# Goal of the exercise
Starting at the line containing "HOMCOM Go Kart" and ending at the line containing "VT license plate LSV066", transcribe the listing below exactly. Keep both end lines, skip the pictures, and copy nothing else.

# Excerpted data
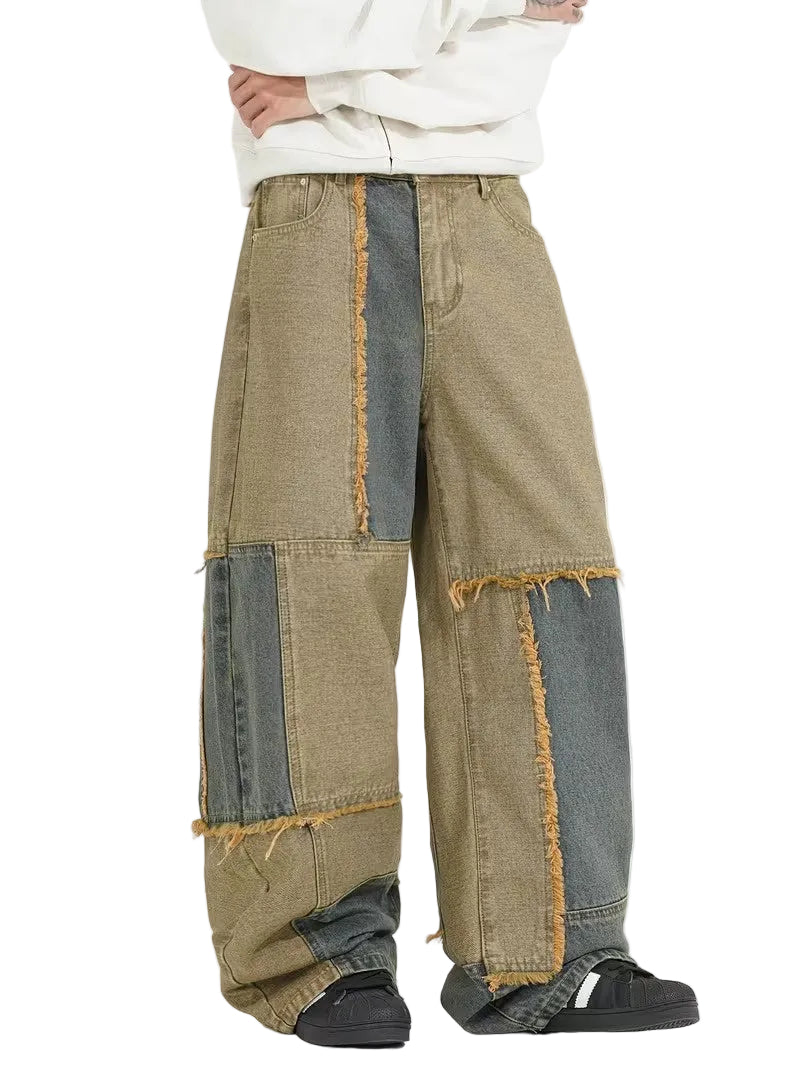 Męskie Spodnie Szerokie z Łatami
--
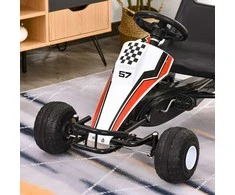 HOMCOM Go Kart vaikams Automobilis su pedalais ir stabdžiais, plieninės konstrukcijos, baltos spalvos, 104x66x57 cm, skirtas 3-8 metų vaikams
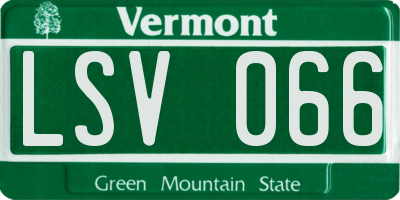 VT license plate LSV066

# Result of this exercise
 HOMCOM Go Kart vaikams Automobilis su pedalais ir stabdžiais, plieninės konstrukcijos, baltos spalvos, 104x66x57 cm, skirtas 3-8 metų vaikams
 VT license plate LSV066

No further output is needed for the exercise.